Our 1st webinar, How to negotiate a proper SLA, collected viewers' questions on cloud service level agreements. Here Arthur van der Wees from Arthur's Legal answers your questions.
Q. What's the trade-off between security and quality versus price? Should there be a basic standard with minimum requirements?
The cloud services market is still quite young and maturing. We are all working together on a solid, fair and affordable basis, with the help of standardisation (IEC, ISO) and related certification, as well as accountability and other frameworks, such as new legislation and international efforts, and of course good business sense and customers/passengers seeking basis assurances - the main framework for minimum and transparant requirements for all airliners).
Q. How do you think the cloud market will evolve?
It is interesting to take a good and in-depth look at already matured markets such as electricity, water, aviation and telecommunications. With these in mind, we can almost see the future.
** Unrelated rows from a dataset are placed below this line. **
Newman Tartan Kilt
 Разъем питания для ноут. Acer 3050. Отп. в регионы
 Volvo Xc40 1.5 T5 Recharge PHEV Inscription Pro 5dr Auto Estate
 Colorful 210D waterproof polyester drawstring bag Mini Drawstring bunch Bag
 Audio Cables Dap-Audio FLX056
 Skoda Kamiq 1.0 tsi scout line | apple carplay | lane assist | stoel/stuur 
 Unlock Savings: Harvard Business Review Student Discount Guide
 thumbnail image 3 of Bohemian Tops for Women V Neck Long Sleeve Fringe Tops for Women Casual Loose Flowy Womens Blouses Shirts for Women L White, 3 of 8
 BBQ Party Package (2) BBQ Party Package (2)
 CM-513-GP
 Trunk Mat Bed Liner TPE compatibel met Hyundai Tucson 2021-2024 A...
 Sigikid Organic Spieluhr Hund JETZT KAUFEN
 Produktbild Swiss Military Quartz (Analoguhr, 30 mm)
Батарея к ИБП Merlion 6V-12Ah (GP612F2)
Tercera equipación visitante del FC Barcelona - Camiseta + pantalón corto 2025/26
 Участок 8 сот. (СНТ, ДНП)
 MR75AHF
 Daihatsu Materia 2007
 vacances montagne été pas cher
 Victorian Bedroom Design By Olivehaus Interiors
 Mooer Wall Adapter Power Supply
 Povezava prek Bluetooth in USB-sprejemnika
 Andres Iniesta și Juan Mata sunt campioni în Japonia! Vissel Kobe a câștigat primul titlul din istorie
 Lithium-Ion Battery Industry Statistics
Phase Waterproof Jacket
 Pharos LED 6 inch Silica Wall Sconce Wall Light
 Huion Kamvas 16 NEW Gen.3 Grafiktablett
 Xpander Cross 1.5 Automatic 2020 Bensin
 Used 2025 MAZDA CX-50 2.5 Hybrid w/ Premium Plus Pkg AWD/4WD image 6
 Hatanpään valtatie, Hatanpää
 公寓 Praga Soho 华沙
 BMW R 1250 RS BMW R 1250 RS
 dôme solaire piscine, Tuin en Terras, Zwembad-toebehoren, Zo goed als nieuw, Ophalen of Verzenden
Q. Is a typical cloud SLA an appendix to the main service agreement and does it have the same negotiation priority?
Yes, it is an important part of the main agreement. So are other parts, such as security policies, processer agreements, privacy level agreements. So negotiation thereof is of the same value as the main agreement. Perhaps it’s again good to refer to our EC SLA Standardisation Guidelines in general, and Chapter 1 in particular as it also addresses this topic.
Regarding ‘on demand cloud SLO/attributes and related SLAs’, I am convinced that in the future cloud service providers (CSPs) will have an a-la-carte menu, from which cloud customers can choose a vast amount of seperate on-demand service and service levels. We have already several CSPs (mainly IaaS deployment but also others) that are using this as an USP. Here I also refer back to Frédéric’s presentation.